Interview with GetCraft

First off, I wish all of you a very happy new year! Hope you had a refreshing break and are ready to kick off 2019 with a bang!

I start my 2019 with an interview with GetCraft. GetCraft is a leading marketplace for content creator in South East Asia and they asked me for an interview. They wanted to know the story of my photography journey, my recent meet and greet trips with National Geographic and my tips for photography beginners.

You can read the full interview on their site here (in Indonesian).

If you don't speak Indonesian. I've made the English Translation for you below. Hope you find the interview inspiring and useful!

Andrew Suryono: Award Winning National Geographic Photographer

You might often wonder, what creative process does a nature photographer goes through when creating his photograph? Curiously, every time we see good nature photograph, we can feel strong personal element that can be enjoyed without much effort. 

Just imagining the photography process can make us wonder to travel to many exotic places around the world.
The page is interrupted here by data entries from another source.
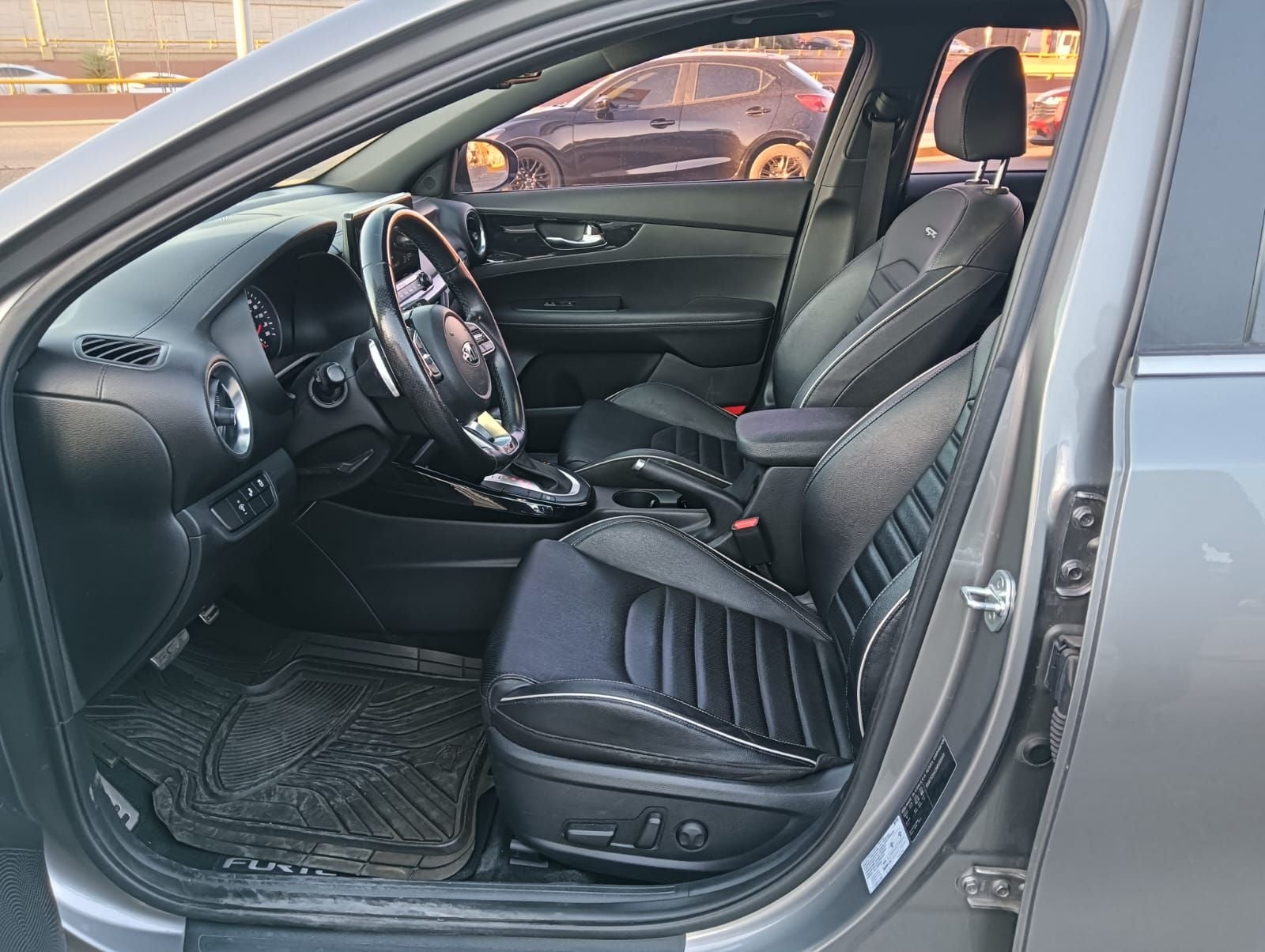 2021 Kia Forte 2.0 Hb 5 p GT Line At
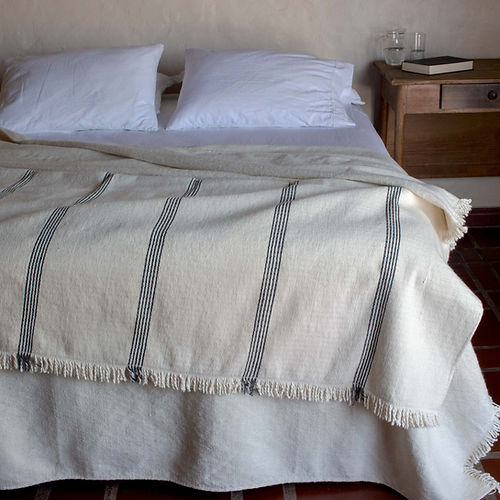 UNDER THE BOUGH NO. 10 QUEEN BLANKET - 3 COLORS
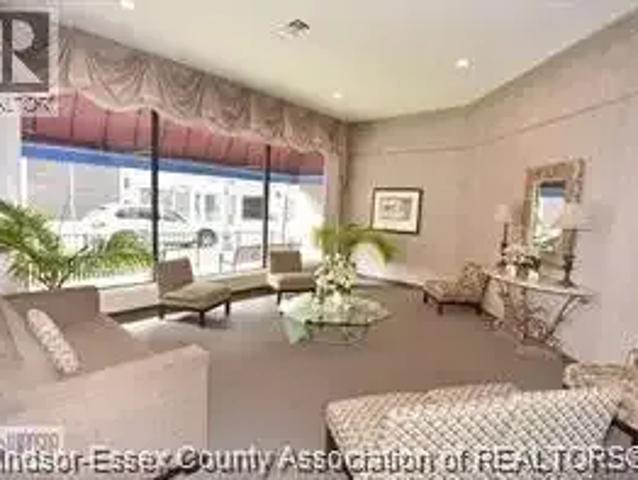 For Rent 2 Bedroom Apartment Windsor ON DS102701677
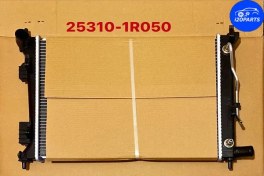 تصویر راهنمای خرید رادیاتور آب اصلی هیوندای i20 مدل جنیون ۲۰۱۵ 253101R050 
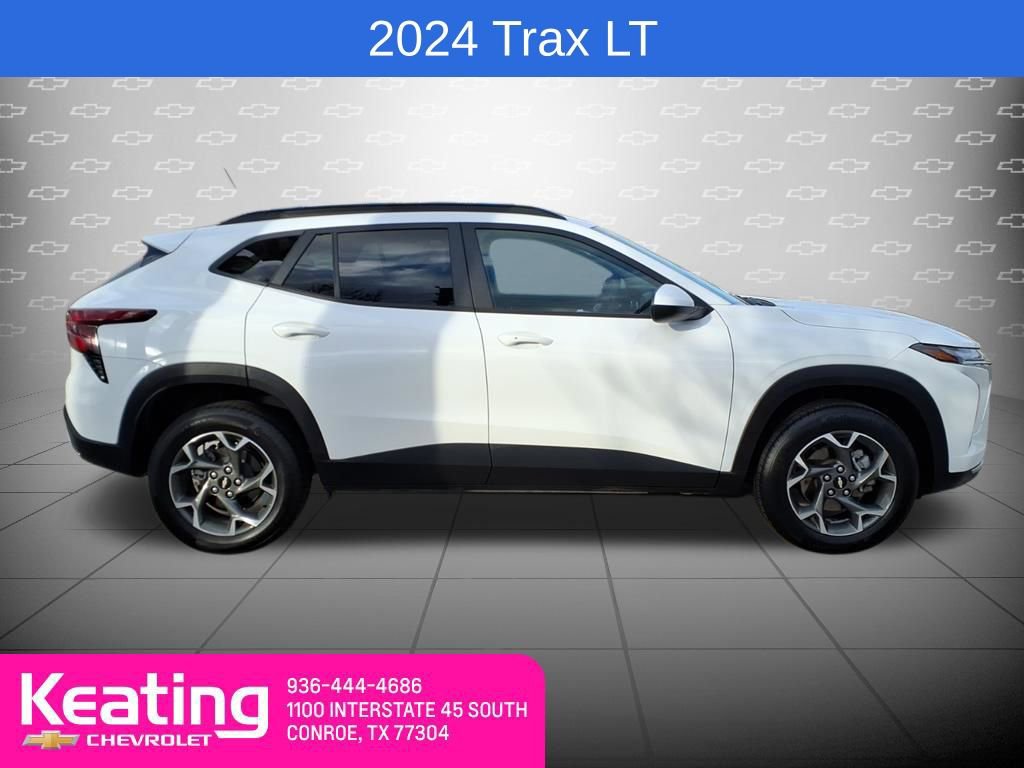 Used 2024 Chevrolet Trax LT w/ Driver Confidence Package FWD image 4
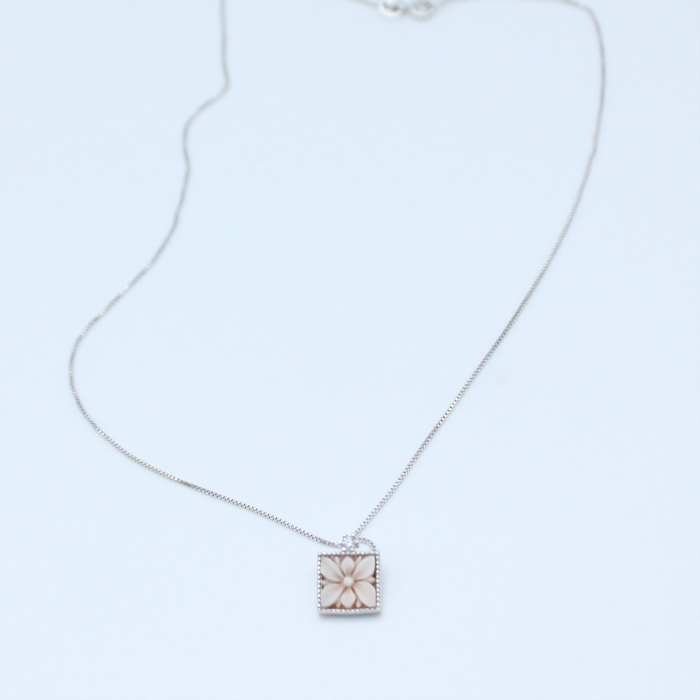 Square Flower - Collana cammeo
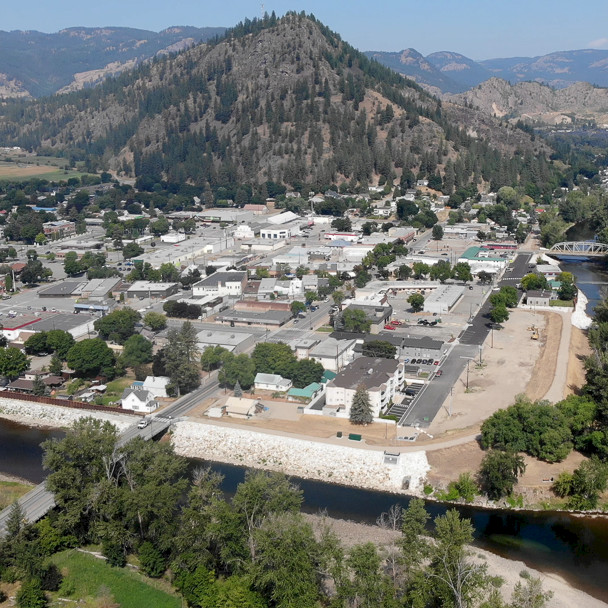 Image of on going construction during the creek diversion project in Grand Forks built by Chandos Construction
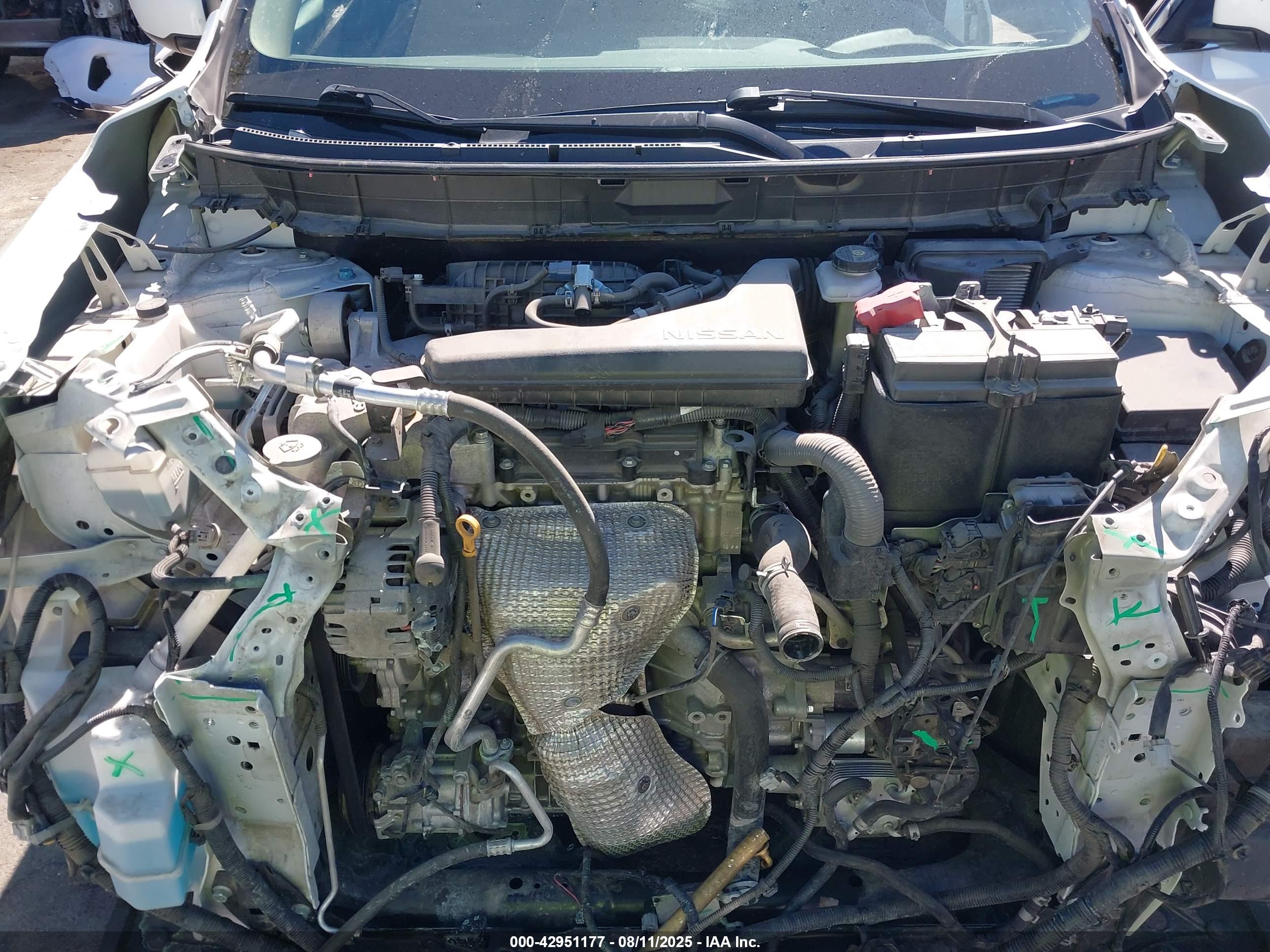 NISSAN ROGUE image 10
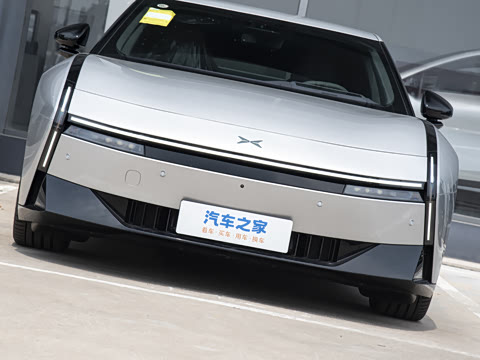 2025�� 702 ������ Ultra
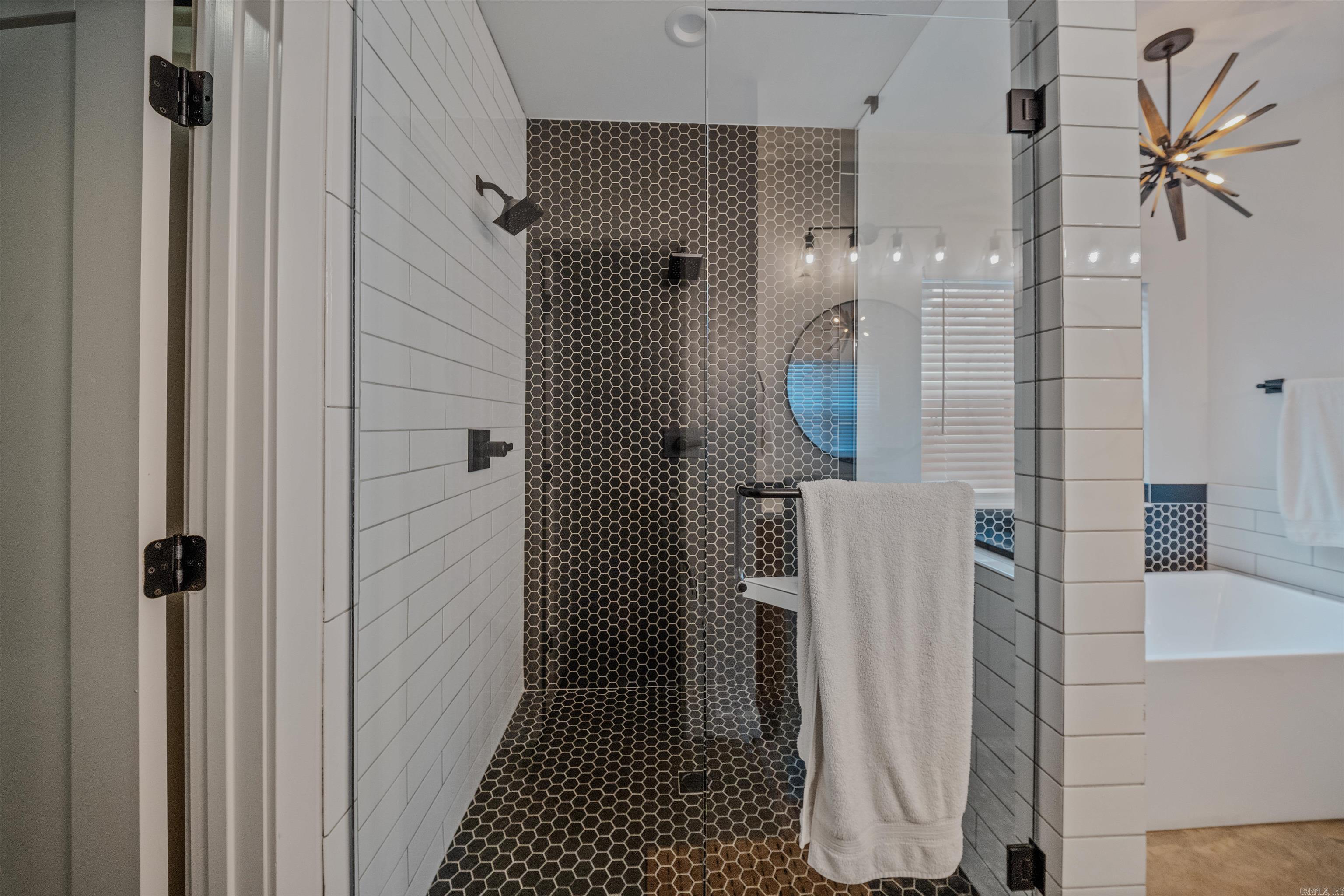 305 W Cross  Benton, AR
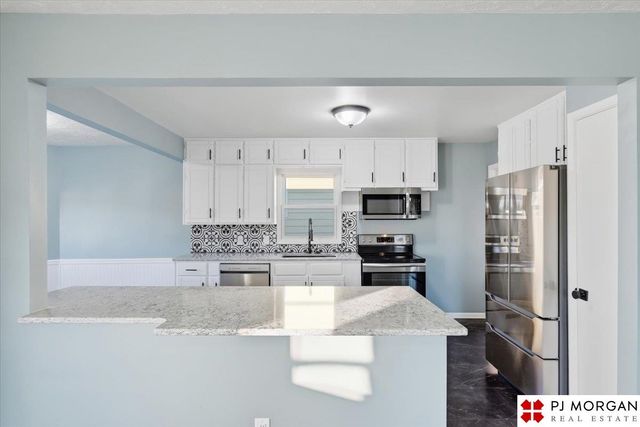 3821 Emiline Street, Omaha, NE 68147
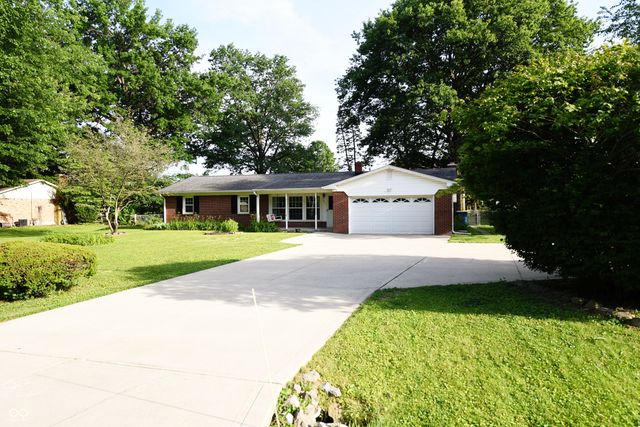 2511 Colony Court, Carmel, IN 46280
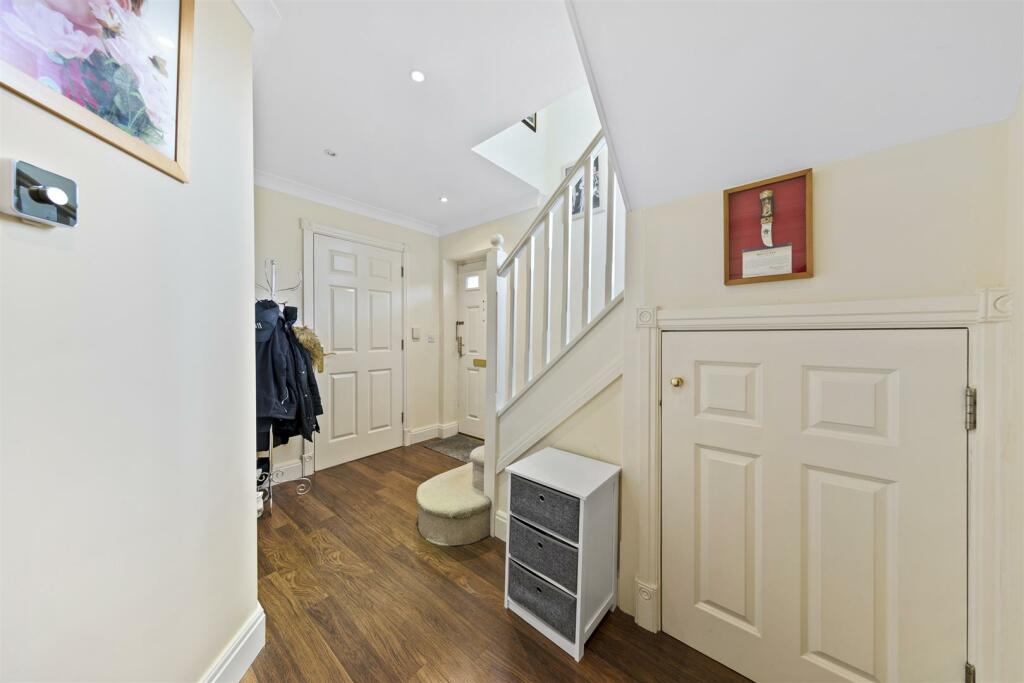 52GarwoodCresWeb11.jpg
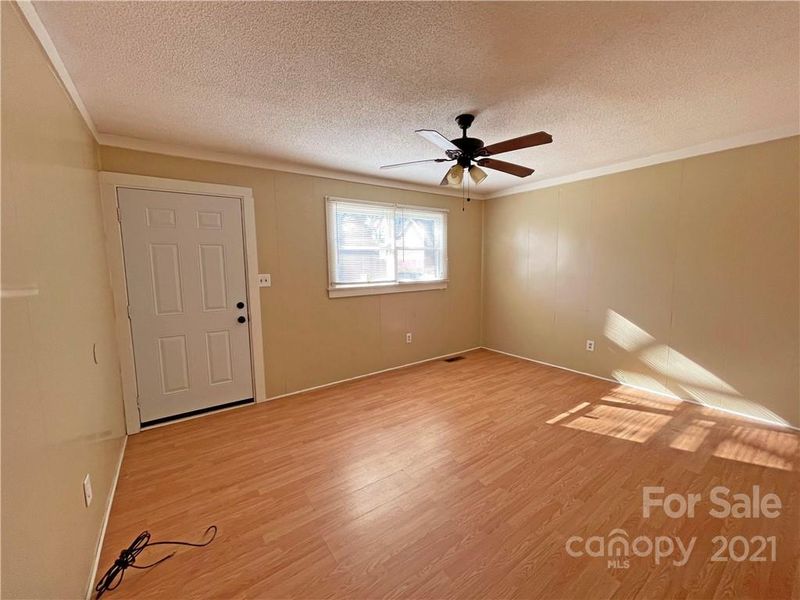 418 E 11th St, Newton, NC 28658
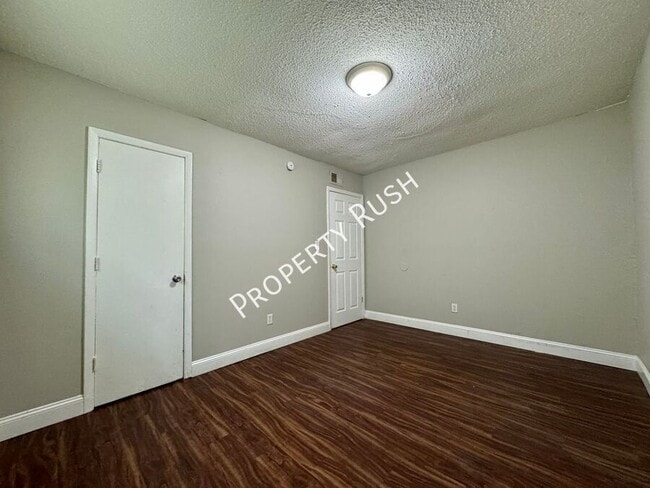 Building Photo - 6303 Walden Ave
Not wanting to get stuck with hard to answer questions, Crafters got a chance to interview Andrew Suryono, a National Geographic photographer since 2016 who has won numerous, worldwide awards.

Andrew himself is still learning and developing his own photography techniques. He wrote a book titled "Traffic Light Photography System" for beginning photographers who wanted to know the complete photography system that Andrew uses.

In the interview, we also talked about Andrew's photography journey, achievements, constructive criticism for the photography world in Indonesia and dreams to photograph world's majestic landscapes. He also shared tips and suggestions for photographers wanting to get into the photography industry.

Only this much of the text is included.